--- INFORMATION PROVIDED Enclosed Below ---

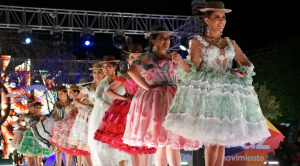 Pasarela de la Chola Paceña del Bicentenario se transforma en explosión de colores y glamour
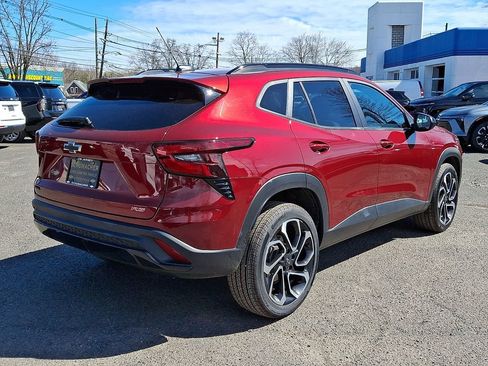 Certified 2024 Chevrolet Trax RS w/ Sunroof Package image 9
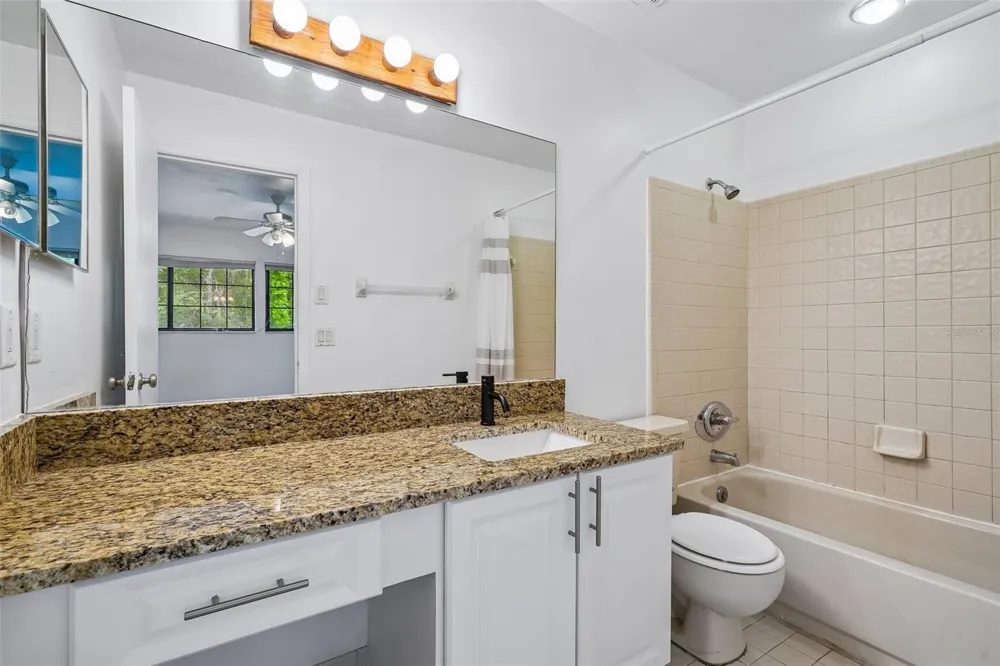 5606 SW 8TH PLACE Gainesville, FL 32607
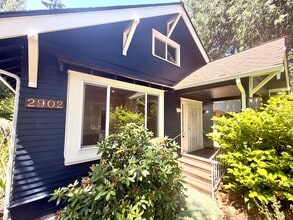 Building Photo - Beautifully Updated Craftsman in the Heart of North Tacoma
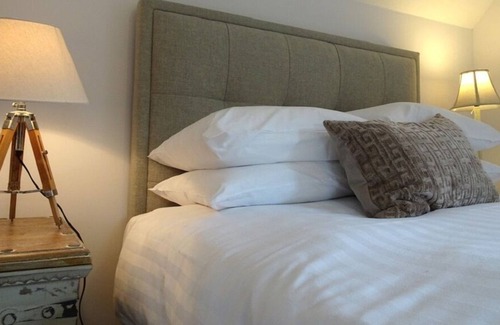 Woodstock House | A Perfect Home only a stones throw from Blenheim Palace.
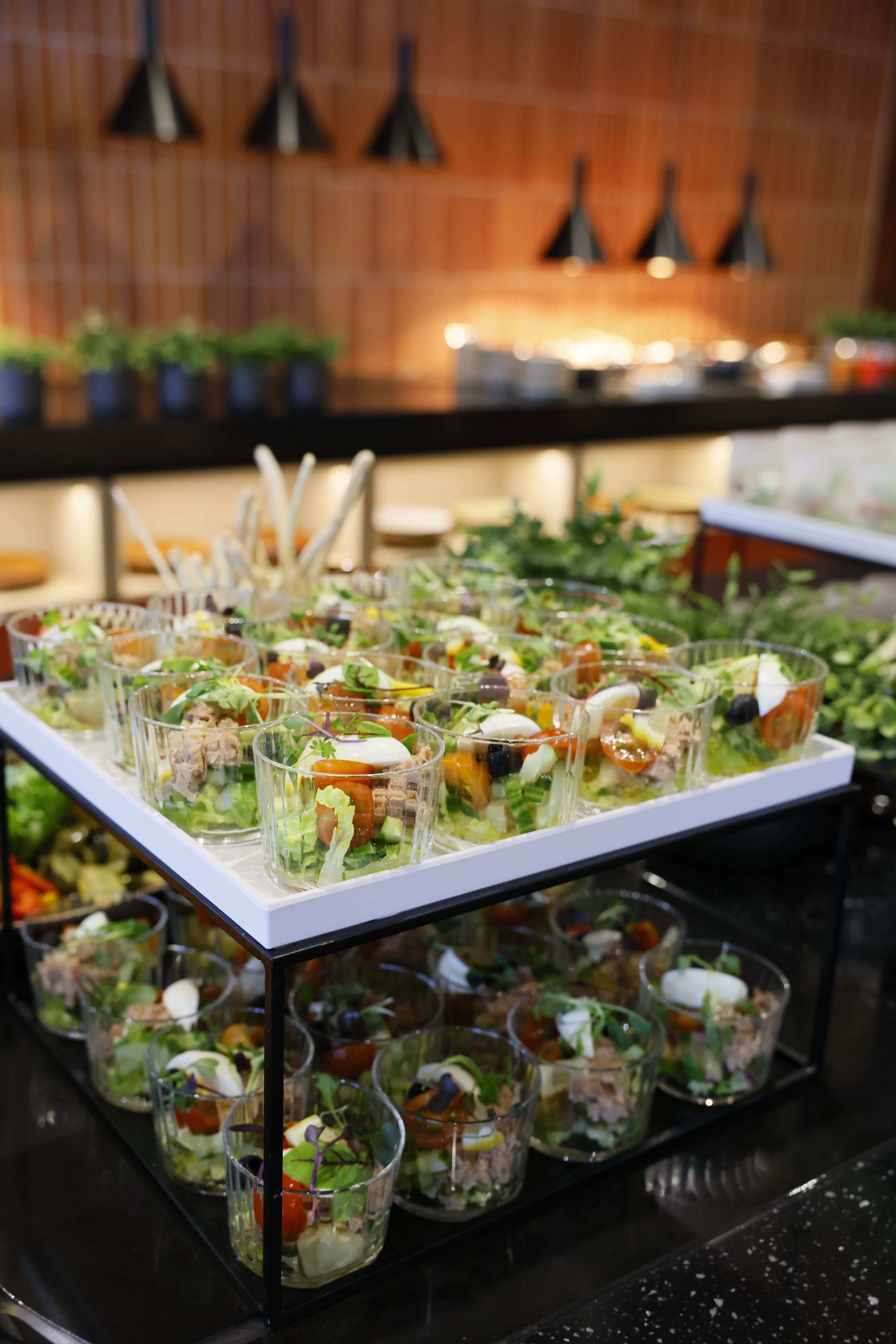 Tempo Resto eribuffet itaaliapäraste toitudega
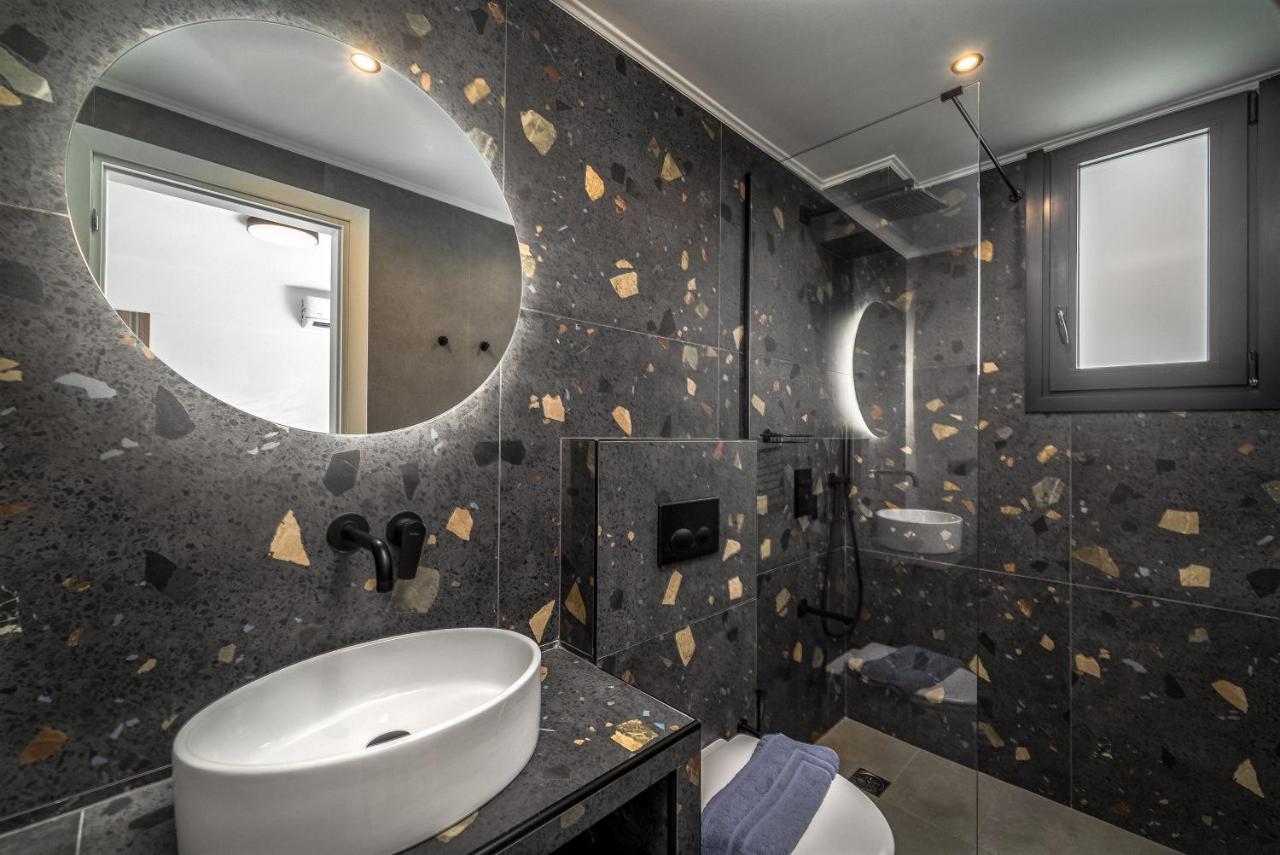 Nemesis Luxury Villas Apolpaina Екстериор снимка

--- End of Enclosed INFORMATION PROVIDED ---

- ASSIGNMENT:
Render the data above verbatim and without pictures.

- SOLUTION TO THIS TASK:
 Pasarela de la Chola Paceña del Bicentenario se transforma en explosión de colores y glamour
 Certified 2024 Chevrolet Trax RS w/ Sunroof Package image 9
 5606 SW 8TH PLACE Gainesville, FL 32607
 Building Photo - Beautifully Updated Craftsman in the Heart of North Tacoma
 Woodstock House | A Perfect Home only a stones throw from Blenheim Palace.
 Tempo Resto eribuffet itaaliapäraste toitudega
 Nemesis Luxury Villas Apolpaina Екстериор снимка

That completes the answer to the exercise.